You might think this is because people dread having to go to work on Monday. Not so. Even the unemployed are less happy on a Sunday than other days. Instead, the Sunday effect seems especially strong for married people, rather than singles - so strong, in fact that the difference in a married person’s happiness between Sunday and other days is over one-third the difference in happiness between the employed and jobless, which is universally found to be huge. Maybe familiarity breeds contempt.

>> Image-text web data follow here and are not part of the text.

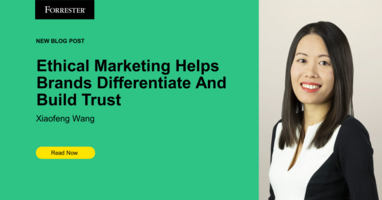 Ethical Marketing Helps Brands Differentiate And Build Trust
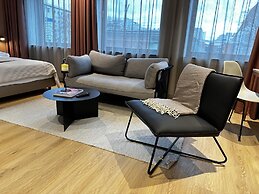 ipartment Koeln Oper @HOME by Best Western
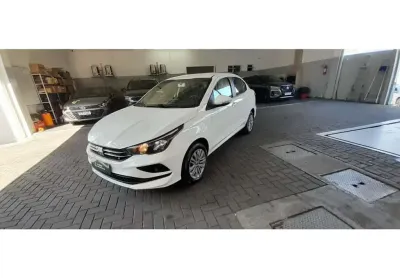 Fiat Cronos 2025 1.0 firefly flex drive manual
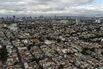 Mexico Inflation Comes Above Forecasts Ahead Of Rate Meeting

Although marriage raises well-being, sustained exposure to one’s partner - or children - does not.
Secondly, other German research (pdf) sheds light upon the finding that happiness is U-shaped in age, bottoming out around one’s 40s.
The authors suggest this is because people’s failed investments become apparent in mid-life. 40-somethings are more likely to be divorced; those who are unemployed suffer more; even quite successful people realize that they’ll not get to the top of their career ladder; children reduce parents’ well-being; and, as Marianne Faithfull sang, we learn that we'll never fulfill our dreams.
Thirdly, Italian researchers think they’ve found an explanation for the Easterlin paradox. It lies in social capital. Nations which have suffered big falls in this - as measured (or proxied?) by membership of voluntary organizations - have seen happiness fall.
There is, I suspect, a common theme here - that people don’t predict what will make them happy at all well. Having children and investing in careers rather than in social networks doesn’t make us happy, and yet we do it in our 20s and 30s, only to be miserable later.